YEREVAN, Armenia ‒ The American University of Armenia announced that AUA Adjunct Lecturer Zareh Tjeknavorian’s film “Elegy in Light” has won the Rosenkreuz Award for Best Foreign Documentary at the First Hermetic International Film Festival in Venice, Italy. Tjeknavorian teaches Filmmaking and Cinema Studies in the College of Humanities and Social Sciences (CHSS).
“From the beginning we had the feeling that this precious documentary, seemingly fragile yet in its essence as resilient and enduring as an archaeological artifact, would be awarded”, said FHIFF director Sara Ferro. “Rarely does a documentary film possess such mesmerizing cinematography.”
“Elegy in Light” was shot on super 8mm film at the funeral of Catholicos Vazgen I, Supreme Patriarch of All Armenians. A mystical vision of death and spiritual transformation, it depicts an ancient rite of the Armenian Church with a soundscape of monastic chants from composer Loris Tjeknavorian’s “The Life of Christ.” The film has been described by one viewer as “a psychedelic trip into medieval times.”
The Hermetic International Film Festival is the first of its kind, dedicated to showcasing visionary films that explore esoteric, occult, and arcane spiritual themes. Described by one participant as “two evenings of unusual, eccentric films,” the festival took place on March 1 and 2 at La Casa del Cinema in the historic heart of a snow-clad Venice. The program consisted of 28 works from Armenia, Australia, Canada, Egypt, Germany, Greece, Israel, Italy, Spain, Sweden, the United Kingdom, and the United States.
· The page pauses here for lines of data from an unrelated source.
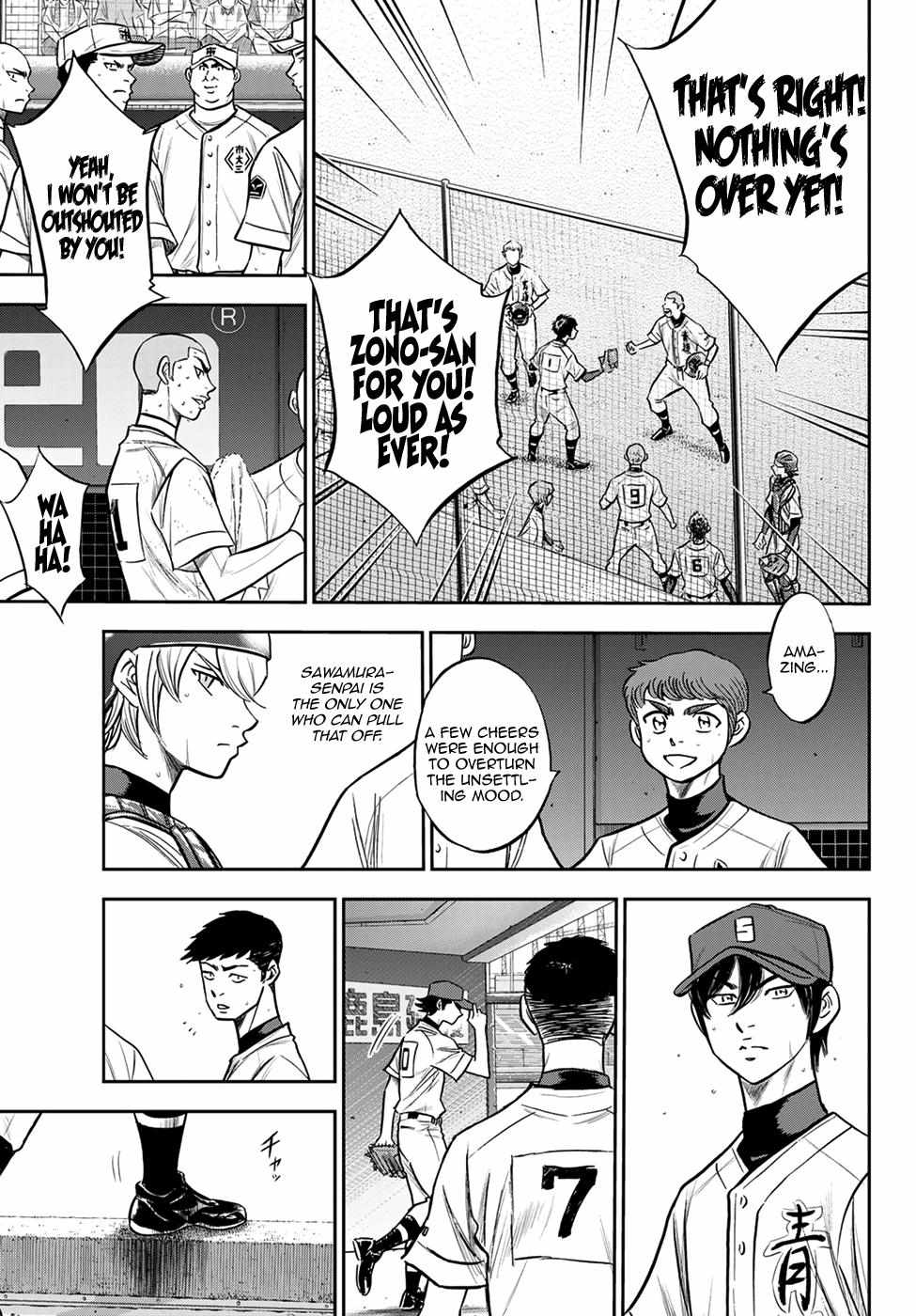 Read Diamond no Ace Act 2 chapter 242 image 14 on Lezhin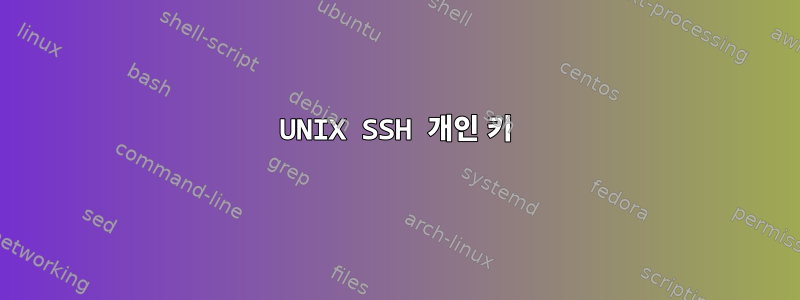 UNIX SSH 개인 키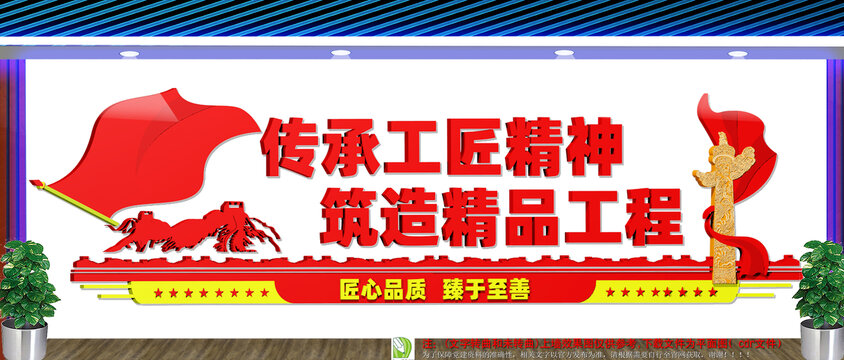 工匠精神企业文化墙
The Rosenkreuz Award for Best Foreign Documentary is named after Christian Rosenkreuz, legendary founder of the Rosicrucian Order (Order of the Rose Cross) in the early 15th century.
Zareh Tjeknavorian was born in Fargo, North Dakota into a family of musicians and grew up in Tehran, London, Frankfurt, Paris and New York, where he attended the Professional Children’s School and New York University’s Tisch School of the Arts, majoring in film and television. Over the years he’s pursued his interests in ancient and esoteric cultures, lost histories, and the lives of the forgotten and dispossessed through short and long-form films. His most recent work is a folk history of the Armenian Genocide and its aftermath in Soviet Armenia, told through the memories of orphans, refugees and their descendants.